For 40 years a volunteer administrator with the Jewish charitable organization Ahavas Yisrael Charity Fund, Schlossberg worked 15 years with Castle Food before selling it in 1987 after 45 years in business.
“We were in the distribution of gourmet delicacies. We supplied all the gourmet shops, cheese shops, all of the Giant Foods,” he said. “Our business was concentrated in Baltimore and Washington. I became a consultant to the kosher industry after I sold the company.”
Having a foot in each world, his Orthodox community and secular business community, made Schlossberg more aware of life beyond his shtetl. But what Schlossberg finds most fascinating is how the Baltimore Orthodox community, grew, then shrank, then grew even larger.
“When I was born, there were very few Orthodox families in Baltimore. That’s very interesting, because if you go back to the 1930s there were more Orthodox. But then people became less Orthodox because of Shabbos and getting jobs. There was a lot of pressure. It was very hard to get a job. That happened from the 1930s, ’40s and ’50s,” he said.
Schlossberg said there were only a few Orthodox families in his Park Heights neighborhood when he was a boy and 200 to 250 Orthodox families total in Baltimore city. And everyone knew everyone.
“I grew up in a nonreligious neighborhood, a lot Jewish, but not Orthodox. Everybody had respect for the few Orthodox Jews in town,” he added. “Our neighbors were very sensitive; they wouldn’t mow their lawns on Shabbos. When we had a sukkah — it was a novelty. We invited all the neighbors.”
But it was the educational institutions that changed the face of Orthodox Baltimore, according to Schlossberg, including Talmudical Academy, Bais Yaakov and Ner Israel.
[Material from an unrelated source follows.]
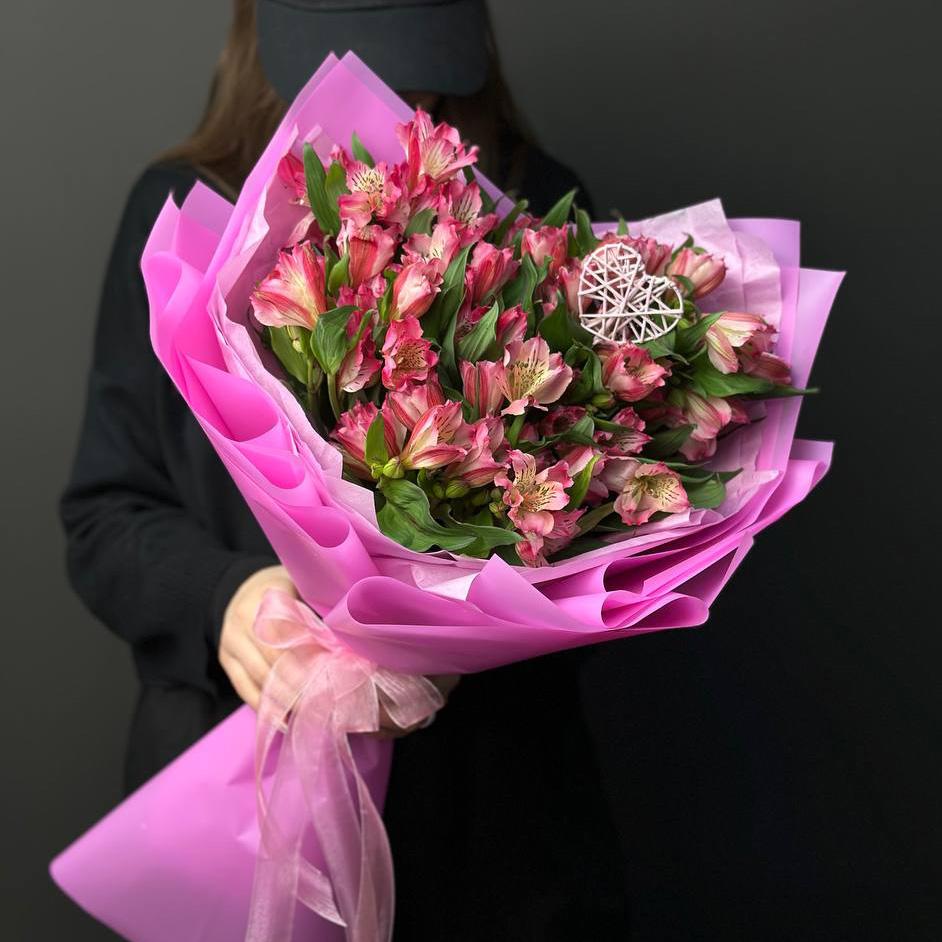 9 розовых альстромерий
“Ner Israel was the real influence on Baltimore because the alumni, who came from all over America, began to settle in Baltimore,” Schlossberg said. “They took government jobs and other positions. That changed Baltimore. Today, we are one of the most explosive Orthodox communities in the country. We probably have over 4,000 Orthodox families in Baltimore. And it’s growing.”
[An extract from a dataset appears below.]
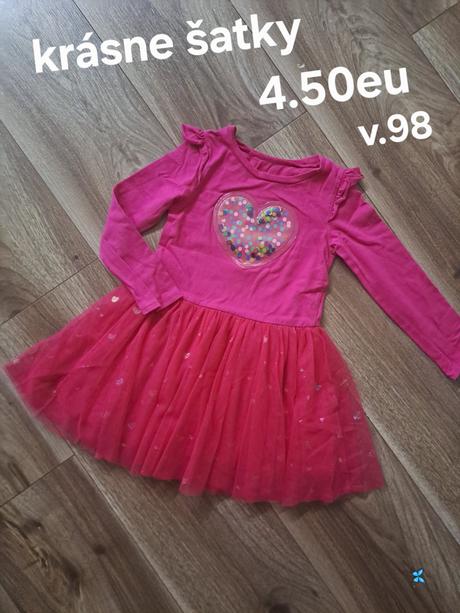 Krásne tylové šaty, 98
In addition to his charity work and consulting business, Schlossberg, also a musician, recently launched Symphonic Art Design, commissioning artists to transform violins. One is covered with a mirror mosaic, another painted with colorful modern art. But one violin seems to reflect Schlossberg’s vision of the Baltimore Orthodox Jewish community. On it, a bearded man in a white shirt and vest plays a fiddle, a simple brown cap on his head, while all around him are the modest white-washed, thatched cottages of his shtetl.